2

I am trying to create a loading overlay on top of tbody (and only tbody). My current solution is to add tr as the last element of tbody and set it as position: absolute, and setting tbody as position: relative.

table {
  width: 100%;
}

tbody {
  position: relative;
}

.overlay {
  position: absolute;
  top: 0;
  width: 100%;
  height: 100%;
  background-color: rgba(200, 200, 200, 0.7);
}
<table>
  <thead>
    <tr>Label</tr>
  </thead>
  <tbody>
    <tr><td>Data</td></tr>
    <tr><td>Data</td></tr>
    <tr class="overlay">
      <td>My overlay</td>
    </tr>
  </tbody>
</table>

Expected behavior is that an overlay covers tbody, but not thead. Also this overlay is supposed to contain some content (f.e. refresh button) so covering every td is not an option.

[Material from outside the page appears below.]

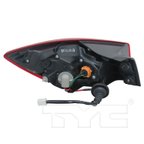 TYC 11-6901-00-1 Tail Light Assembly - Right Outer - view 7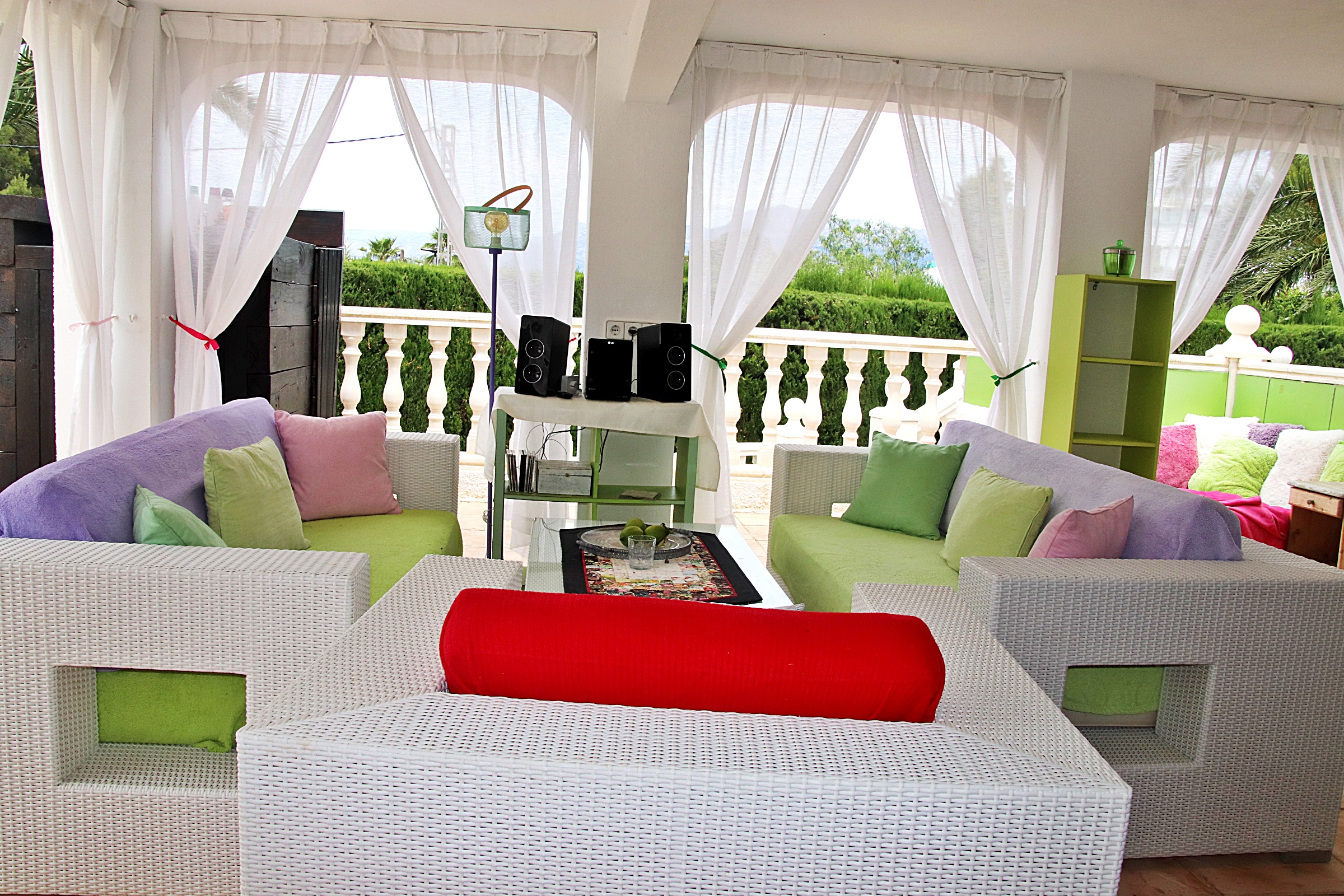 Gran villa en venta en EL Albir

My solution works perfectly in Firefox, but not webkit. Webkit somehow ignores position: relative on tbody tag and thus the overlay covers the whole table and more.


RESOLVED I have managed to make this approach work by adding display: table on tbody

3 Answers3

2

Using CSS calc should help with this. Support is fairly good for the property too.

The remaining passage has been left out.